Consider again the agent depicted in Fig. 4: she begins with unconditional credences (Ω, \({\mathscr{F}}\), P) and conditional credences modeled by C, then transitions based on certainty profile δ_ω to new unconditional credences C_ω while holding fixed her conditional credences C. We have assumed that C is proper at ω. (Otherwise, the agent cannot use C to conditionalize on δ_ω in the first place.) Our theorem entails that C is also an rcd for the agent’s new unconditional credal allocation C_ω. The agent may therefore continue to use C to conditionalize. If a new exogenous change instills a new certainty profile δ_ν at t₂, then she can use C to conditionalize on the new certainty profile δ_ν, so long as C is proper at ν. See Fig. 5.

Fig. 5

The agent gains new certainty profile δ_ω and responds by using C to conditionalize on δ_ω. Then she gains new certainty profile δ_ν and responds by using C to conditionalize on δ_ν

Figure 5 is quite general. It applies to a wide range of situations in which an agent gains a certainty profile δ_ω over a sub-σ-field and then gains a different certainty profile δ_ν over the same sub-σ-field. I do not say Fig. 5 applies to all such situations. If an rcd does not exist, or if every rcd is improper at ω or ν, then Fig. 5 does not apply. However, such situations arise rarely if ever in scientific applications.

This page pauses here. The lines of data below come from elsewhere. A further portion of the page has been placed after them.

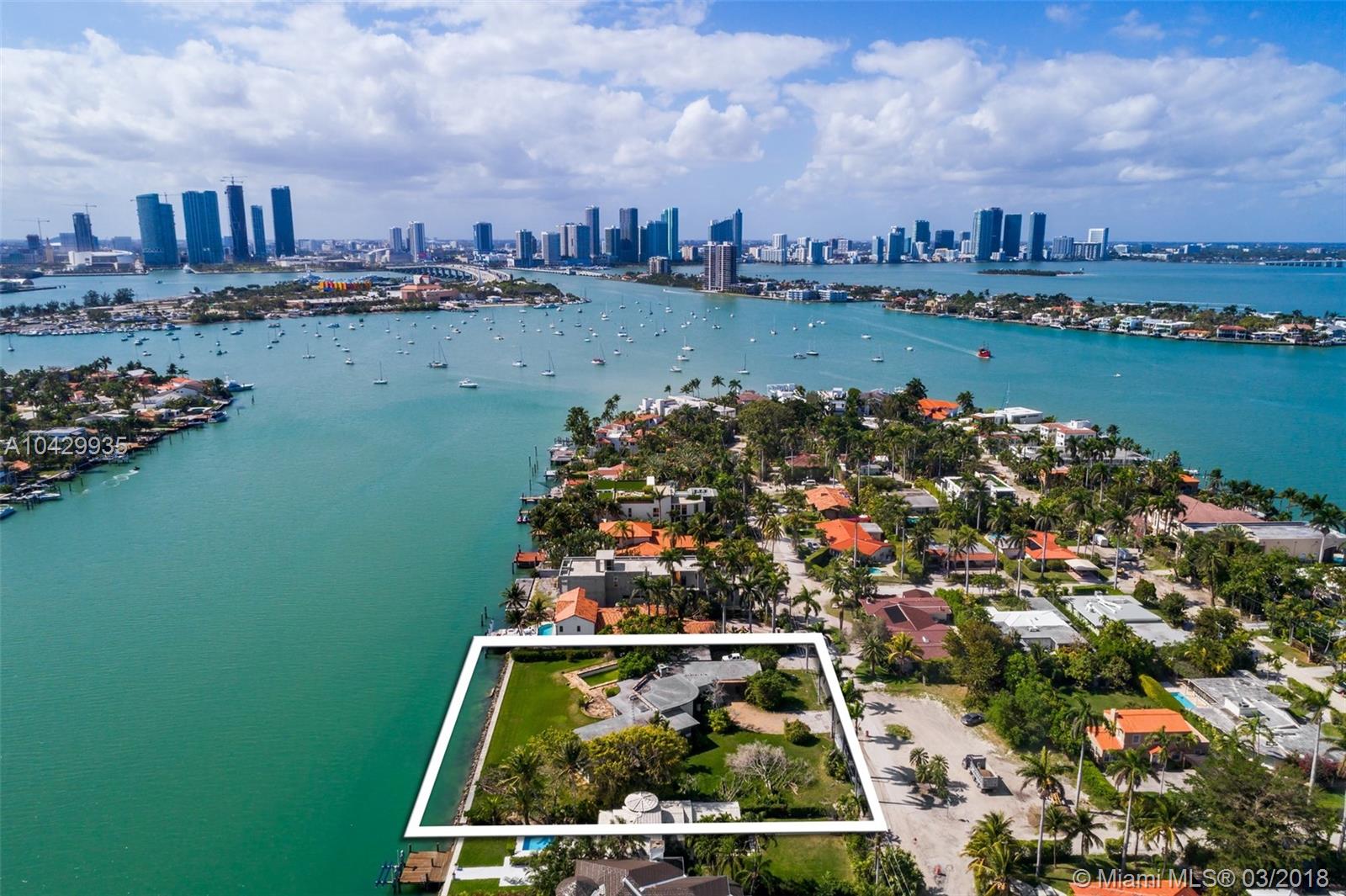 HIBISCUS ISLAND - Land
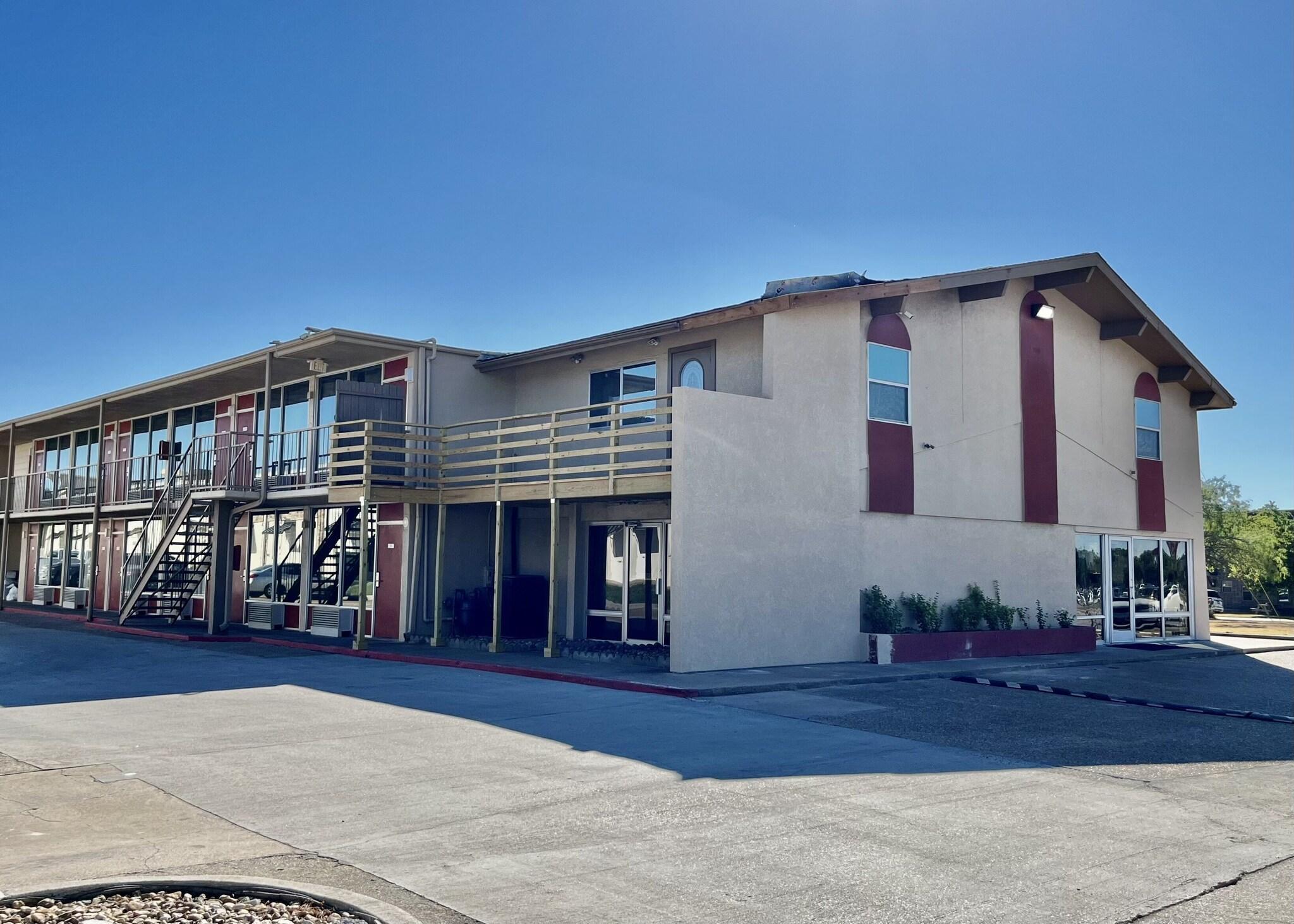 Vista Exterior EZ Travel Inn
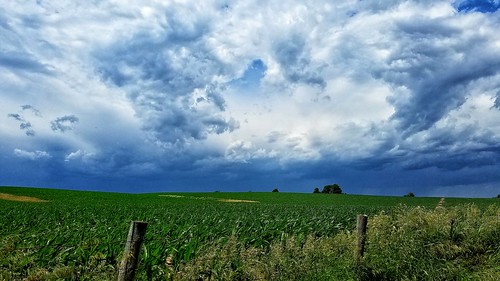 fence fencefriday field landscape mexico missouri turbulence stormfront stormscapes storm clouds sky country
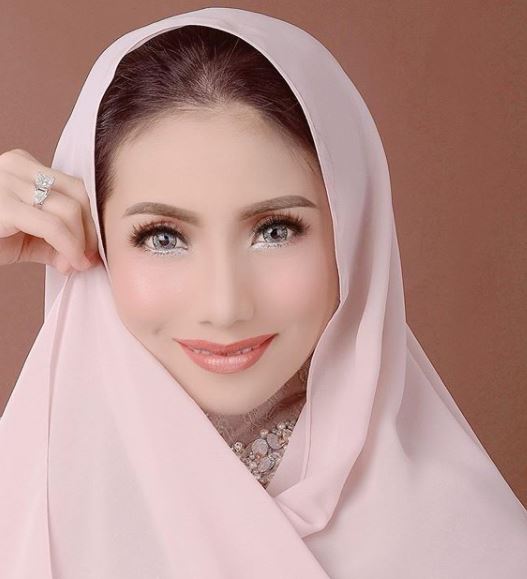 5 Kisah awal percintaan Siti KDI, setia jalani LDR selama tiga tahun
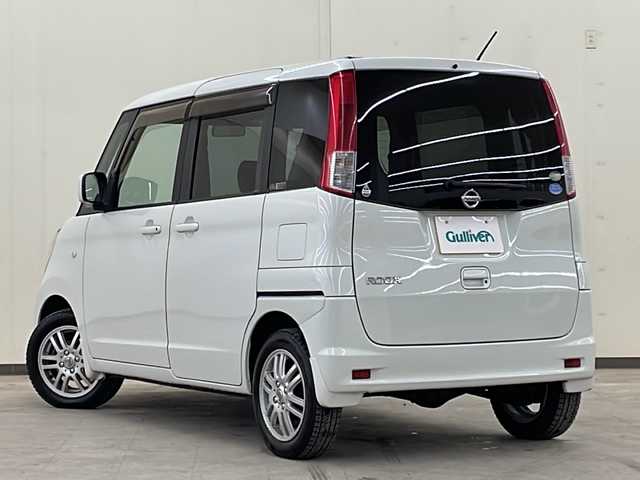 日産 ルークス X 道央・札幌 2012(平24)年 7.2万km パール /4WD//純正フルセグナビ/（CD/DVD/FM/AM/BT/USB/SD）//ミュージックサーバー//片側パワースライドドア//D席シートヒーター//ドアバイザー//純正14インチAW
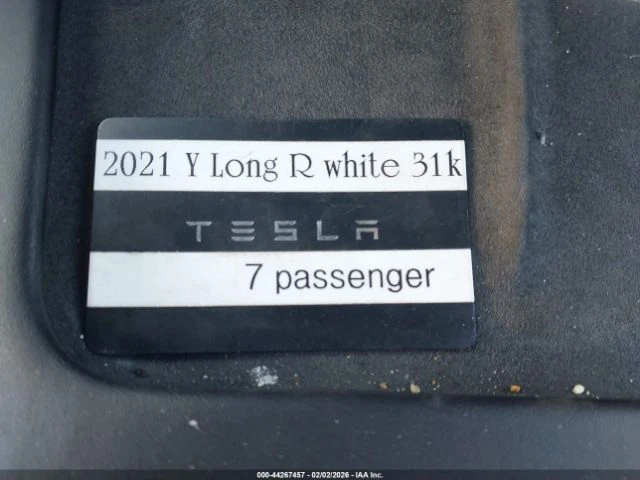 Tesla Model Y LONG RANGE DUAL MOTOR AWD| 7 МЕСТНА, снимка 14 - Автомобили и джипове - 53900313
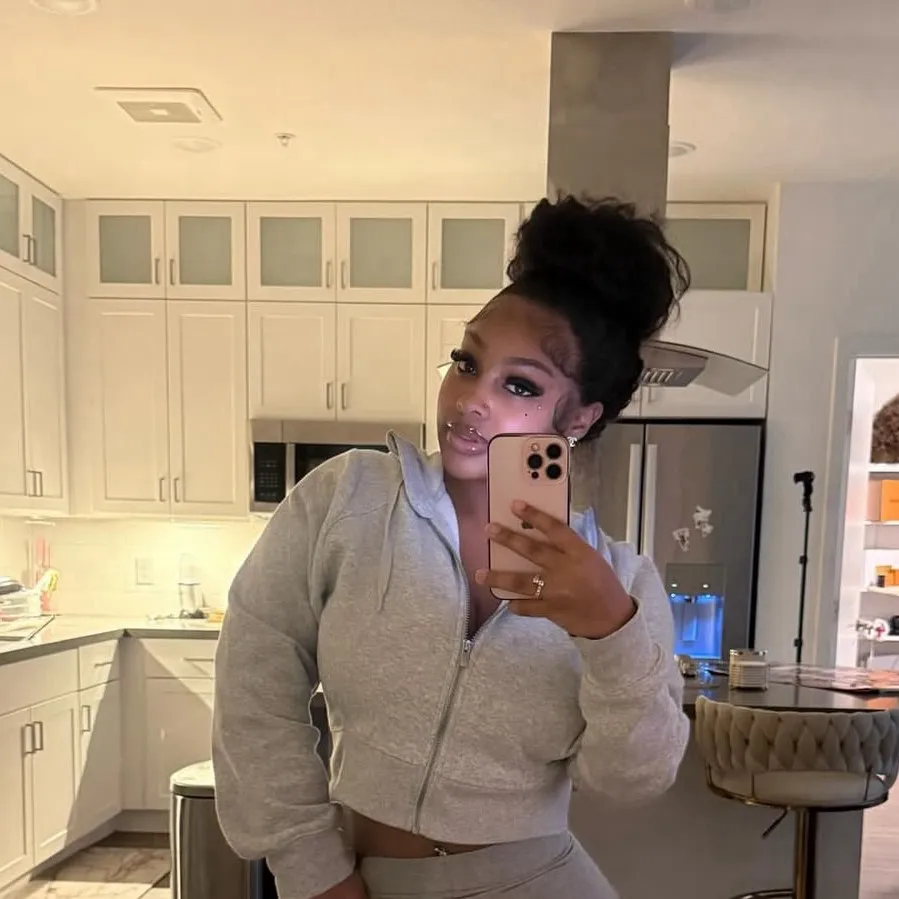 chat with ai character: Jazmine 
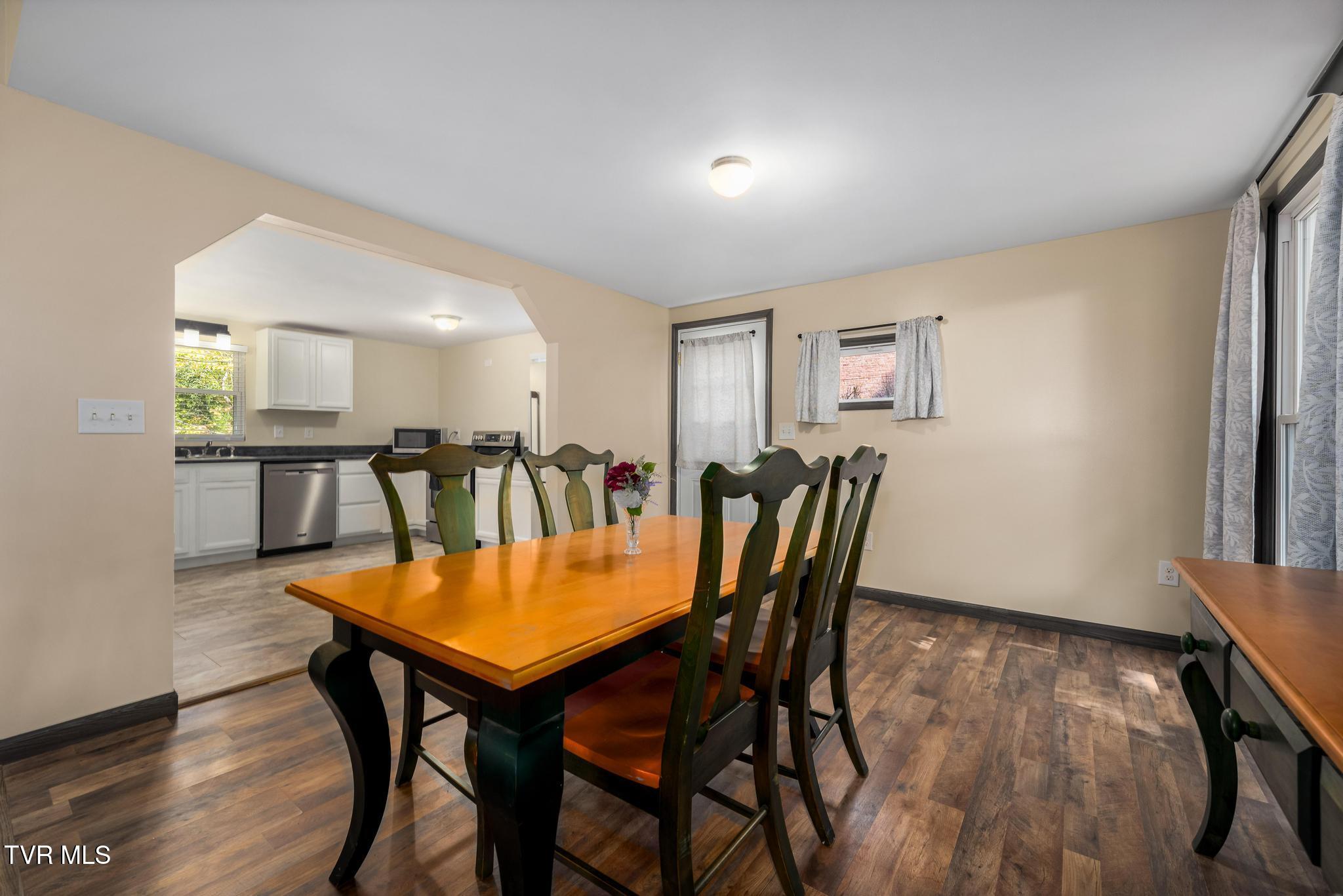 338 Gifford Road Bristol, TN 37620 - Photo 18 of 57 Dinning Area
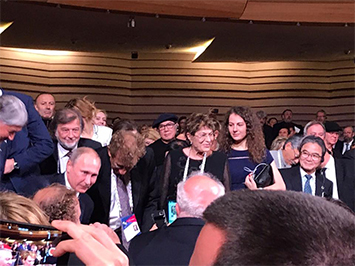 プーチン大統領とともにグランドオープニングに参加する宮田長官 プーチン大統領とともにグランドオープニングに参加する宮田長官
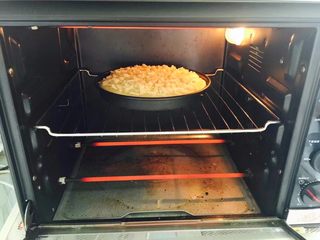 11、榴莲披萨,烤箱200度预热，放中层烤20分钟左右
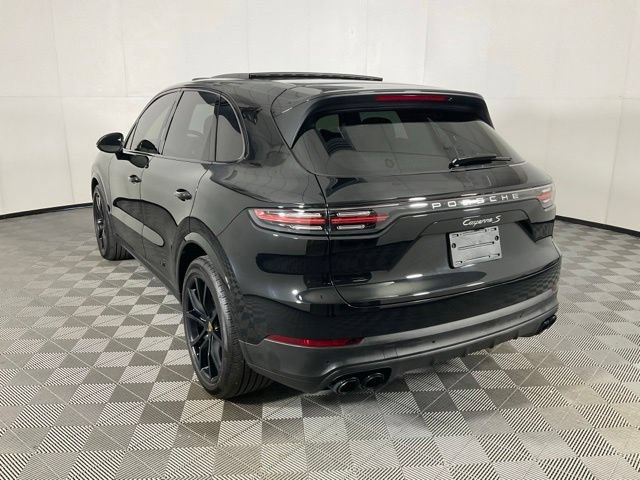 Used 2023 Porsche Cayenne S Platinum AWD/4WD image 4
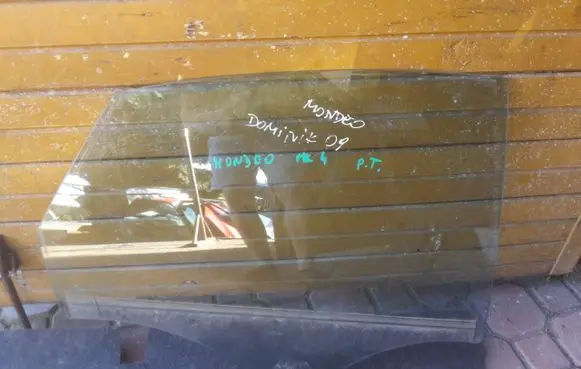 Ford Mondeo MK IV Rear side window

To illustrate the virtues of Fig. 5, let us revisit False Alarm. We saw in Sect. 5 that John can use μ at t₂ to conditionalize on his newfound certainty in Negative. The worry raised in Sect. 4.2 was that μ seemed arbitrary. Why should John update his credences using μ rather than another rcd μ*? Rigidity enables a principled answer. The key point here is that μ encodes conditional probabilities that John has at t₀. The conditional probabilities follow from our choice of P and from the ratio formula. When John conditionalizes on Positive at t₁, Rigidity mandates that he leave those conditional probabilities fixed. John’s fixed conditional probabilities, codified by μ, serve as a basis for conditionalization when at t₂ he becomes certain of Negative. Hence, Rigidity rationalizes the choice of μ rather than any alternative rcd μ*. Given John’s unconditional credences at t₀, μ is the unique rcd that conforms to Rigidity. See Fig. 6.

Fig. 6

Credal evolution in False Alarm. John’s initial unconditional credences P determine his conditional credences μ, via the ratio formula. John becomes certain of Positive and responds by forming new credences μ_ω, where ω is any arbitrary outcome belonging to Positive. Then he becomes certain of Negative and responds by forming new credences μ_ν, where ν is any arbitrary outcome belonging to Negative. Complying with Weak Rigidity, he retains his conditional credences μ throughout this process

Our revised analysis of False Alarm illustrates the benefits that Rigidity offers to Kolmogorov conditionalizers. By constraining conditional credence, Rigidity guides the course of iterated Bayesian inference. Here is another example along the same lines:

Mismeasurement

Jane is a scientist with credences P at time t₀. X is a random variable that reflects the outcome of an experiment. At t₁, Jane becomes certain that X = x₁ and updates her other credences on that basis. At t₂, she realizes that her certainty in X = x₁ was misplaced: she misread a measuring instrument, or the measuring instrument was poorly calibrated, or she was deceived by her assistant, etc. Jane becomes newly certain that X = x₂. How should she proceed?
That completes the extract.